DATASET CONTENT
--------------------------------
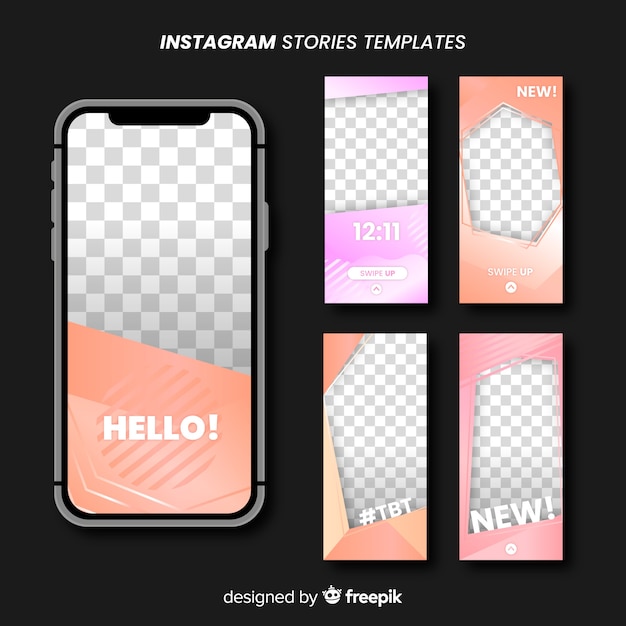 Free vector instagram stories frames templates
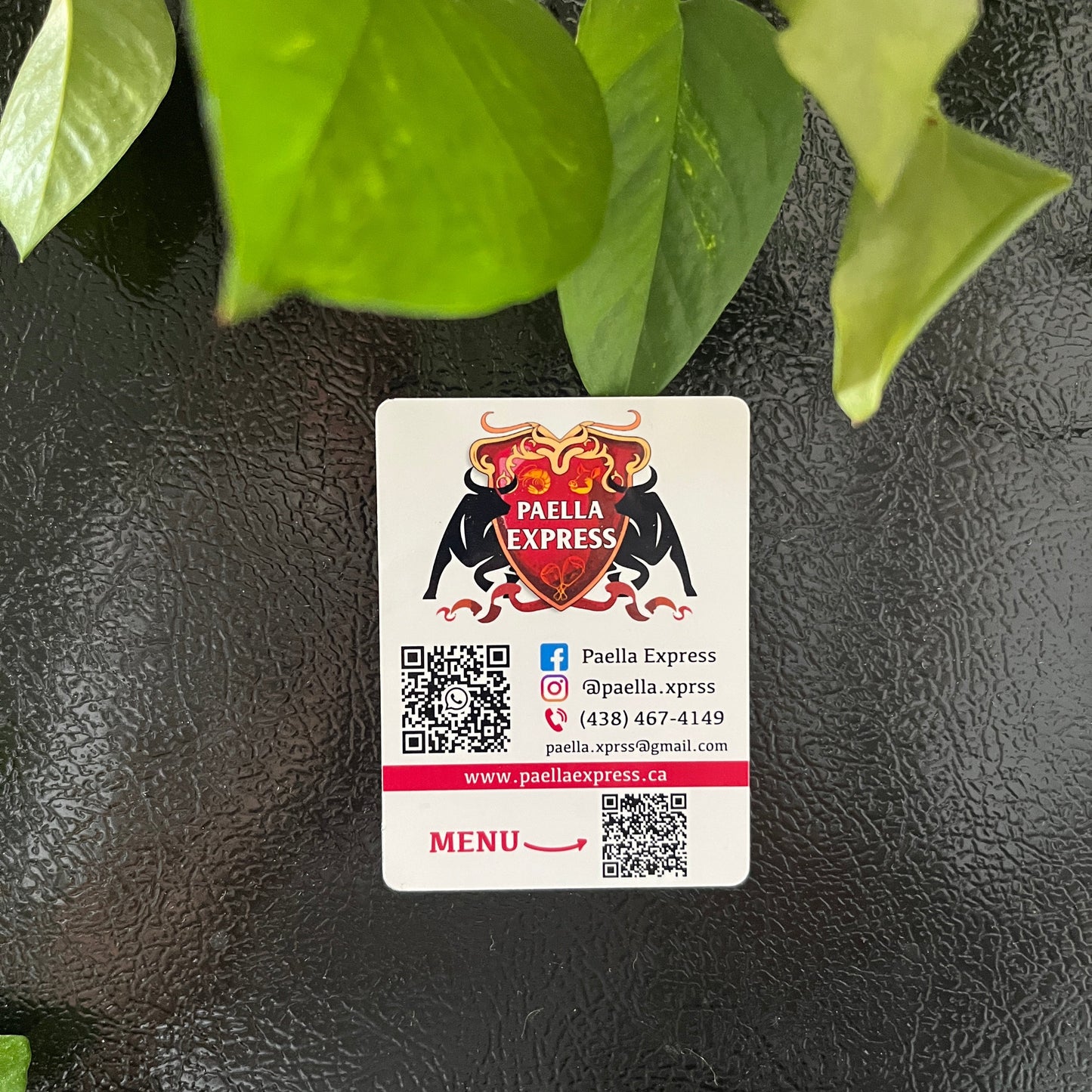 Magnet with a logo and QR code on a textured black surface with green leaves.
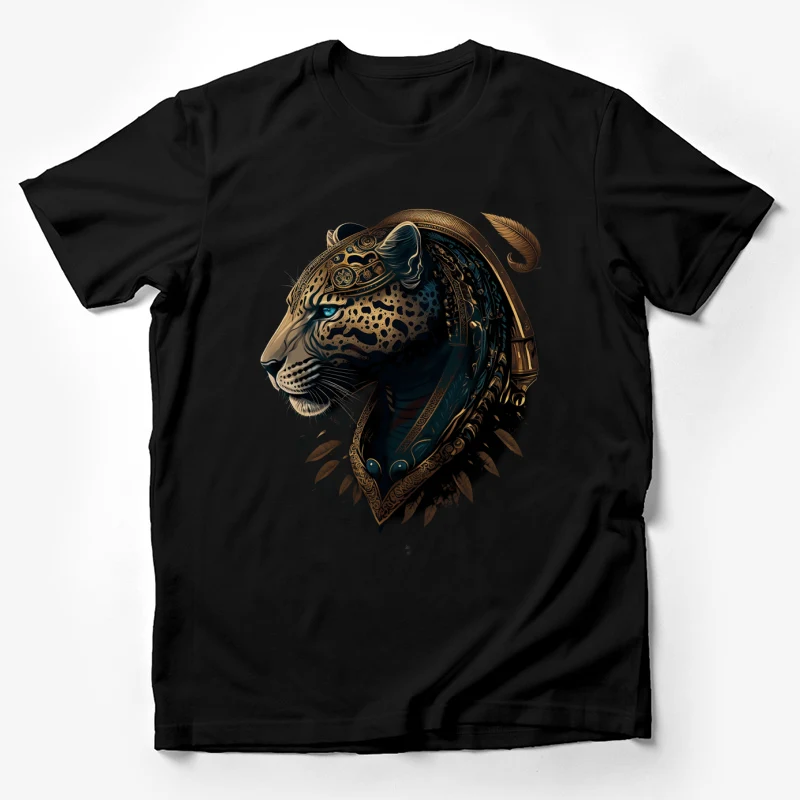 Leopard fantasy art steampunk animal portrait illustration ornate bronze details Male T-Shirt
--------------------------------
WHAT THE EXERCISE ASKS
Pictures are to be omitted. The lines from the line holding "Magnet with a" through the closing line of the data above are to be set down exactly, and nothing more.

RESULT OF THIS TASK
 Magnet with a logo and QR code on a textured black surface with green leaves.
 Leopard fantasy art steampunk animal portrait illustration ornate bronze details Male T-Shirt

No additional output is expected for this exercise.